** PROBLEM **
Please set down the data word for word; images do not go in the copy.

** RECORDED DATA **
+ + + + + + +

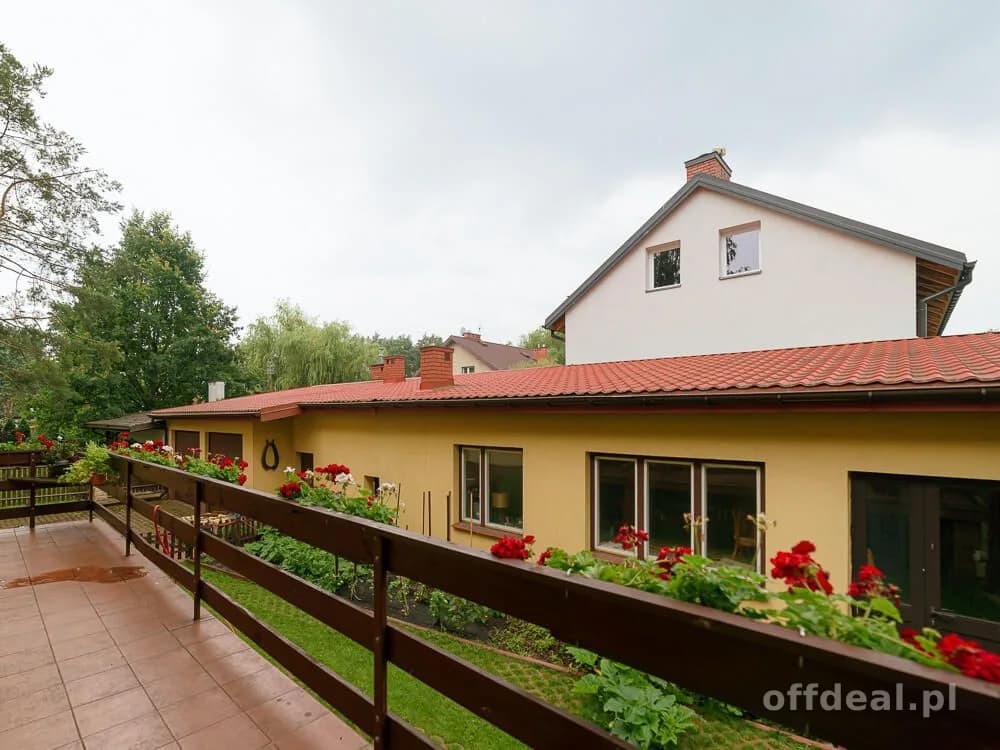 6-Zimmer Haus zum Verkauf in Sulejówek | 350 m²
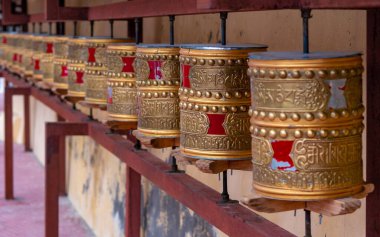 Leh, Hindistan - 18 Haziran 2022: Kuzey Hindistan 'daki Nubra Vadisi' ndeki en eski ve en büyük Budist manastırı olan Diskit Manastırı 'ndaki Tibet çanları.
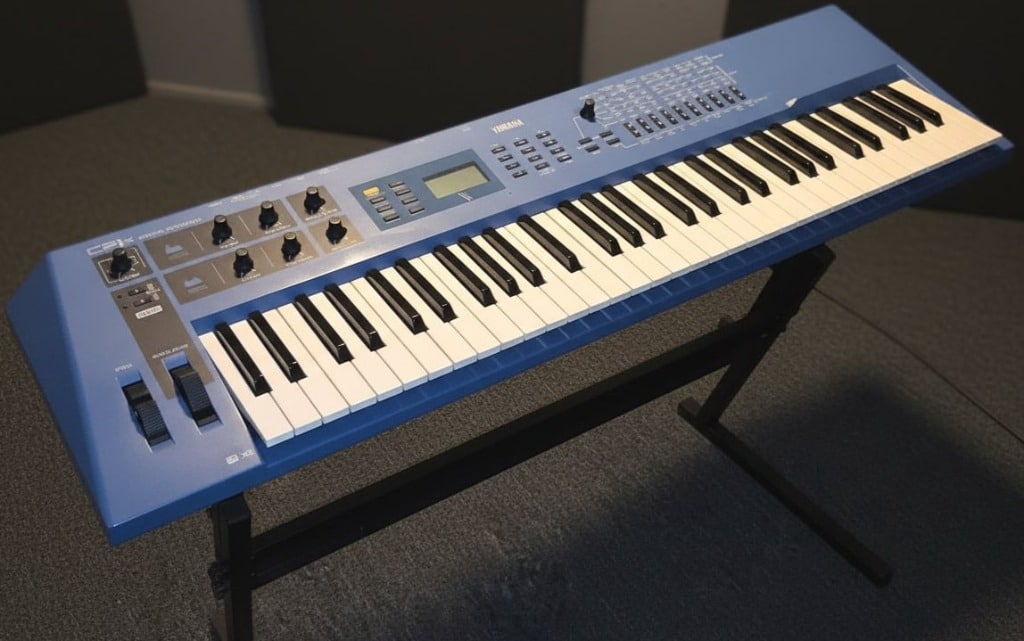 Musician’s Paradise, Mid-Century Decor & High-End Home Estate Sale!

+ + + + + + +

** EXERCISE SOLUTION **
 6-Zimmer Haus zum Verkauf in Sulejówek | 350 m²
 Leh, Hindistan - 18 Haziran 2022: Kuzey Hindistan 'daki Nubra Vadisi' ndeki en eski ve en büyük Budist manastırı olan Diskit Manastırı 'ndaki Tibet çanları.
 Musician’s Paradise, Mid-Century Decor & High-End Home Estate Sale!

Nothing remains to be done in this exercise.